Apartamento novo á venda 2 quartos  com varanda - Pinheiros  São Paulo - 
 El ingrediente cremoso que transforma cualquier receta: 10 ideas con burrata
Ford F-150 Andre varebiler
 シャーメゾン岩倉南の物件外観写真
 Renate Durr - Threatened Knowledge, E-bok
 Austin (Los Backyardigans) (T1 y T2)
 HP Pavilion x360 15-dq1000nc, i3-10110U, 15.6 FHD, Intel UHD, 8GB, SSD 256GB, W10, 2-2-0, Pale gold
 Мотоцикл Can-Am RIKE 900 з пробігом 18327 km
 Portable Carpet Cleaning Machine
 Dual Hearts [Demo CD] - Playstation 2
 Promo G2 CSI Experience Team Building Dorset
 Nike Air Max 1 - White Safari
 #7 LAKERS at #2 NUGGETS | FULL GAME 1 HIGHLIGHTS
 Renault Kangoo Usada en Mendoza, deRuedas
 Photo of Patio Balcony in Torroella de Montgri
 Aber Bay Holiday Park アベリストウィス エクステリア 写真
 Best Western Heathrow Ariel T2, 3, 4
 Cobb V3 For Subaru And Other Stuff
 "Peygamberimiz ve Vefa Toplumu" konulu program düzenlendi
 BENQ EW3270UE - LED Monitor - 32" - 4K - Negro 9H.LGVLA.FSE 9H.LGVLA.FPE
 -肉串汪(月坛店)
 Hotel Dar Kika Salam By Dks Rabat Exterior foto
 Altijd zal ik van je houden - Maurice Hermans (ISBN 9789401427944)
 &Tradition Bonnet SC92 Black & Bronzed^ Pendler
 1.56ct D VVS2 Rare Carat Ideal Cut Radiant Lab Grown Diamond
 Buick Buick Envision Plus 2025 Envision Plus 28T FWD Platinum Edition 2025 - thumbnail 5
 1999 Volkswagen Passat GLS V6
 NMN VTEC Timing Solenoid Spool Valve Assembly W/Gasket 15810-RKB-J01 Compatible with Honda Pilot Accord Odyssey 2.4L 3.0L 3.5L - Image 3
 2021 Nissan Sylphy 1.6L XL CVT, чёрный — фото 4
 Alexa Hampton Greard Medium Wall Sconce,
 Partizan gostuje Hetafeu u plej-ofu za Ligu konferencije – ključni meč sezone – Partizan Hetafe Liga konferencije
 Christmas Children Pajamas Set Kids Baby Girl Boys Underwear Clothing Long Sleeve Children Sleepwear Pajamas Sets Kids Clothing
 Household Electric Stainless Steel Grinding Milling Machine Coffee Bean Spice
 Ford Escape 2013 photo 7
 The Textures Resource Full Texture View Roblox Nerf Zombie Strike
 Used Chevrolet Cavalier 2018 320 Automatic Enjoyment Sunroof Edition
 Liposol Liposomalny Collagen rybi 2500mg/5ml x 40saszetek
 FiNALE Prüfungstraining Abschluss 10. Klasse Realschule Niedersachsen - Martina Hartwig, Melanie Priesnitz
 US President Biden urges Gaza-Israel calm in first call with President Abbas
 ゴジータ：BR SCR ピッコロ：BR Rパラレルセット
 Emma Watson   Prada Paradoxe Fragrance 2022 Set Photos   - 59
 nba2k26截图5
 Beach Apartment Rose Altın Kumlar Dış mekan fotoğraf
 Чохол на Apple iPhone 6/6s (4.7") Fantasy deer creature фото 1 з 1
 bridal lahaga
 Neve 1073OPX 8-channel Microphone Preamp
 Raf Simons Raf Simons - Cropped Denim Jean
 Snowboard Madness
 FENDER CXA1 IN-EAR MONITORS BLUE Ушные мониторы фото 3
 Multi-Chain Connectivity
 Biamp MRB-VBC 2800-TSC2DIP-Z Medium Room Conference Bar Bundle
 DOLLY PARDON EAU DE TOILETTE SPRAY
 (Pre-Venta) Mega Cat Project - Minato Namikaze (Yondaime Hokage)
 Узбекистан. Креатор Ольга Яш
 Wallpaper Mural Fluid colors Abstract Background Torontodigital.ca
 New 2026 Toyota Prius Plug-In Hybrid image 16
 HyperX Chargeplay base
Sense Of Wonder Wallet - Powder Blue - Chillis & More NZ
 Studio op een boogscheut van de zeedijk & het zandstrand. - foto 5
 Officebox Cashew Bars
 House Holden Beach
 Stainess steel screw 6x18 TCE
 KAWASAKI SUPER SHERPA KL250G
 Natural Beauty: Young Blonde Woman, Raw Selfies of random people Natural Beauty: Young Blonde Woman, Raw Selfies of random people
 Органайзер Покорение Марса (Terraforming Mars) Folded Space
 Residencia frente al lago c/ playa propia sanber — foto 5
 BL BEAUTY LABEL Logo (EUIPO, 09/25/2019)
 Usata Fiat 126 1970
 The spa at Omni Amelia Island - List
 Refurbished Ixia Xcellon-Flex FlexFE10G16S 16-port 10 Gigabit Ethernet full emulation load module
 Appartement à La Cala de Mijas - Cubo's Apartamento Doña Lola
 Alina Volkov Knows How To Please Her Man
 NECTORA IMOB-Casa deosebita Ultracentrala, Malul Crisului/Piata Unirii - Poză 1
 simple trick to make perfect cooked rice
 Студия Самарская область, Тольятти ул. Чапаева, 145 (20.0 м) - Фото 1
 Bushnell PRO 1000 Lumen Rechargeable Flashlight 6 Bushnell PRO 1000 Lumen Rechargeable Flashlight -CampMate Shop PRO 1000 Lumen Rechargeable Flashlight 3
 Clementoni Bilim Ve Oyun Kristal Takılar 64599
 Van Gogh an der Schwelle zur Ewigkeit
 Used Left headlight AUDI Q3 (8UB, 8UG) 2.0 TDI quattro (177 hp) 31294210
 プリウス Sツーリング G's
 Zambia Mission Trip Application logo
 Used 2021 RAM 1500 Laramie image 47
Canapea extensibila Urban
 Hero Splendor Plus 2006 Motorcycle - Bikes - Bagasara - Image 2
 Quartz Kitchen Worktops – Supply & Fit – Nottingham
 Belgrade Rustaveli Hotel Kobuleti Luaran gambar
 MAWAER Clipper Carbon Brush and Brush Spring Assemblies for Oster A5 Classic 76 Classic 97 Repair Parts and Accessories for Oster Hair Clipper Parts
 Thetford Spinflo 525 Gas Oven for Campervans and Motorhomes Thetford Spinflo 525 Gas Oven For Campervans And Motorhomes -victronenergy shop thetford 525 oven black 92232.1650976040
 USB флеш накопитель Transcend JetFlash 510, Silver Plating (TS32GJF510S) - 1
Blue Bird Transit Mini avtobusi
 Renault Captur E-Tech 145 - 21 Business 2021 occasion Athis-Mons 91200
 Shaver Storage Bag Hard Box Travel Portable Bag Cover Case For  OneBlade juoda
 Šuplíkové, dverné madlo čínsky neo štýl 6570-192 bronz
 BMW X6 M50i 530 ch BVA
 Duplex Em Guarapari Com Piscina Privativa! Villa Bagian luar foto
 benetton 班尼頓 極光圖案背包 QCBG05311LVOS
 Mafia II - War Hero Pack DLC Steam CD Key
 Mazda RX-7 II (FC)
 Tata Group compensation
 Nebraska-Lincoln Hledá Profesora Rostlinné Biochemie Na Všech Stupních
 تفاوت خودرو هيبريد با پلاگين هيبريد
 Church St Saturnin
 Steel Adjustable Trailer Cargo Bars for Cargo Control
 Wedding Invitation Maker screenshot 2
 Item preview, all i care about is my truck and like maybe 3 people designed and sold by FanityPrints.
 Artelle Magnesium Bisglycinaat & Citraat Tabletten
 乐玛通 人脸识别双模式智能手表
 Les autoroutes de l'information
========================
» **What is expected**:
An exact reproduction of the material above is required.

» **Output for this task**:
Apartamento novo á venda 2 quartos  com varanda - Pinheiros  São Paulo - 
 El ingrediente cremoso que transforma cualquier receta: 10 ideas con burrata
Ford F-150 Andre varebiler
 シャーメゾン岩倉南の物件外観写真
 Renate Durr - Threatened Knowledge, E-bok
 Austin (Los Backyardigans) (T1 y T2)
 HP Pavilion x360 15-dq1000nc, i3-10110U, 15.6 FHD, Intel UHD, 8GB, SSD 256GB, W10, 2-2-0, Pale gold
 Мотоцикл Can-Am RIKE 900 з пробігом 18327 km
 Portable Carpet Cleaning Machine
 Dual Hearts [Demo CD] - Playstation 2
 Promo G2 CSI Experience Team Building Dorset
 Nike Air Max 1 - White Safari
 #7 LAKERS at #2 NUGGETS | FULL GAME 1 HIGHLIGHTS
 Renault Kangoo Usada en Mendoza, deRuedas
 Photo of Patio Balcony in Torroella de Montgri
 Aber Bay Holiday Park アベリストウィス エクステリア 写真
 Best Western Heathrow Ariel T2, 3, 4
 Cobb V3 For Subaru And Other Stuff
 "Peygamberimiz ve Vefa Toplumu" konulu program düzenlendi
 BENQ EW3270UE - LED Monitor - 32" - 4K - Negro 9H.LGVLA.FSE 9H.LGVLA.FPE
 -肉串汪(月坛店)
 Hotel Dar Kika Salam By Dks Rabat Exterior foto
 Altijd zal ik van je houden - Maurice Hermans (ISBN 9789401427944)
 &Tradition Bonnet SC92 Black & Bronzed^ Pendler
 1.56ct D VVS2 Rare Carat Ideal Cut Radiant Lab Grown Diamond
 Buick Buick Envision Plus 2025 Envision Plus 28T FWD Platinum Edition 2025 - thumbnail 5
 1999 Volkswagen Passat GLS V6
 NMN VTEC Timing Solenoid Spool Valve Assembly W/Gasket 15810-RKB-J01 Compatible with Honda Pilot Accord Odyssey 2.4L 3.0L 3.5L - Image 3
 2021 Nissan Sylphy 1.6L XL CVT, чёрный — фото 4
 Alexa Hampton Greard Medium Wall Sconce,
 Partizan gostuje Hetafeu u plej-ofu za Ligu konferencije – ključni meč sezone – Partizan Hetafe Liga konferencije
 Christmas Children Pajamas Set Kids Baby Girl Boys Underwear Clothing Long Sleeve Children Sleepwear Pajamas Sets Kids Clothing
 Household Electric Stainless Steel Grinding Milling Machine Coffee Bean Spice
 Ford Escape 2013 photo 7
 The Textures Resource Full Texture View Roblox Nerf Zombie Strike
 Used Chevrolet Cavalier 2018 320 Automatic Enjoyment Sunroof Edition
 Liposol Liposomalny Collagen rybi 2500mg/5ml x 40saszetek
 FiNALE Prüfungstraining Abschluss 10. Klasse Realschule Niedersachsen - Martina Hartwig, Melanie Priesnitz
 US President Biden urges Gaza-Israel calm in first call with President Abbas
 ゴジータ：BR SCR ピッコロ：BR Rパラレルセット
 Emma Watson   Prada Paradoxe Fragrance 2022 Set Photos   - 59
 nba2k26截图5
 Beach Apartment Rose Altın Kumlar Dış mekan fotoğraf
 Чохол на Apple iPhone 6/6s (4.7") Fantasy deer creature фото 1 з 1
 bridal lahaga
 Neve 1073OPX 8-channel Microphone Preamp
 Raf Simons Raf Simons - Cropped Denim Jean
 Snowboard Madness
 FENDER CXA1 IN-EAR MONITORS BLUE Ушные мониторы фото 3
 Multi-Chain Connectivity
 Biamp MRB-VBC 2800-TSC2DIP-Z Medium Room Conference Bar Bundle
 DOLLY PARDON EAU DE TOILETTE SPRAY
 (Pre-Venta) Mega Cat Project - Minato Namikaze (Yondaime Hokage)
 Узбекистан. Креатор Ольга Яш
 Wallpaper Mural Fluid colors Abstract Background Torontodigital.ca
 New 2026 Toyota Prius Plug-In Hybrid image 16
 HyperX Chargeplay base
Sense Of Wonder Wallet - Powder Blue - Chillis & More NZ
 Studio op een boogscheut van de zeedijk & het zandstrand. - foto 5
 Officebox Cashew Bars
 House Holden Beach
 Stainess steel screw 6x18 TCE
 KAWASAKI SUPER SHERPA KL250G
 Natural Beauty: Young Blonde Woman, Raw Selfies of random people Natural Beauty: Young Blonde Woman, Raw Selfies of random people
 Органайзер Покорение Марса (Terraforming Mars) Folded Space
 Residencia frente al lago c/ playa propia sanber — foto 5
 BL BEAUTY LABEL Logo (EUIPO, 09/25/2019)
 Usata Fiat 126 1970
 The spa at Omni Amelia Island - List
 Refurbished Ixia Xcellon-Flex FlexFE10G16S 16-port 10 Gigabit Ethernet full emulation load module
 Appartement à La Cala de Mijas - Cubo's Apartamento Doña Lola
 Alina Volkov Knows How To Please Her Man
 NECTORA IMOB-Casa deosebita Ultracentrala, Malul Crisului/Piata Unirii - Poză 1
 simple trick to make perfect cooked rice
 Студия Самарская область, Тольятти ул. Чапаева, 145 (20.0 м) - Фото 1
 Bushnell PRO 1000 Lumen Rechargeable Flashlight 6 Bushnell PRO 1000 Lumen Rechargeable Flashlight -CampMate Shop PRO 1000 Lumen Rechargeable Flashlight 3
 Clementoni Bilim Ve Oyun Kristal Takılar 64599
 Van Gogh an der Schwelle zur Ewigkeit
 Used Left headlight AUDI Q3 (8UB, 8UG) 2.0 TDI quattro (177 hp) 31294210
 プリウス Sツーリング G's
 Zambia Mission Trip Application logo
 Used 2021 RAM 1500 Laramie image 47
Canapea extensibila Urban
 Hero Splendor Plus 2006 Motorcycle - Bikes - Bagasara - Image 2
 Quartz Kitchen Worktops – Supply & Fit – Nottingham
 Belgrade Rustaveli Hotel Kobuleti Luaran gambar
 MAWAER Clipper Carbon Brush and Brush Spring Assemblies for Oster A5 Classic 76 Classic 97 Repair Parts and Accessories for Oster Hair Clipper Parts
 Thetford Spinflo 525 Gas Oven for Campervans and Motorhomes Thetford Spinflo 525 Gas Oven For Campervans And Motorhomes -victronenergy shop thetford 525 oven black 92232.1650976040
 USB флеш накопитель Transcend JetFlash 510, Silver Plating (TS32GJF510S) - 1
Blue Bird Transit Mini avtobusi
 Renault Captur E-Tech 145 - 21 Business 2021 occasion Athis-Mons 91200
 Shaver Storage Bag Hard Box Travel Portable Bag Cover Case For  OneBlade juoda
 Šuplíkové, dverné madlo čínsky neo štýl 6570-192 bronz
 BMW X6 M50i 530 ch BVA
 Duplex Em Guarapari Com Piscina Privativa! Villa Bagian luar foto
 benetton 班尼頓 極光圖案背包 QCBG05311LVOS
 Mafia II - War Hero Pack DLC Steam CD Key
 Mazda RX-7 II (FC)
 Tata Group compensation
 Nebraska-Lincoln Hledá Profesora Rostlinné Biochemie Na Všech Stupních
 تفاوت خودرو هيبريد با پلاگين هيبريد
 Church St Saturnin
 Steel Adjustable Trailer Cargo Bars for Cargo Control
 Wedding Invitation Maker screenshot 2
 Item preview, all i care about is my truck and like maybe 3 people designed and sold by FanityPrints.
 Artelle Magnesium Bisglycinaat & Citraat Tabletten
 乐玛通 人脸识别双模式智能手表
 Les autoroutes de l'information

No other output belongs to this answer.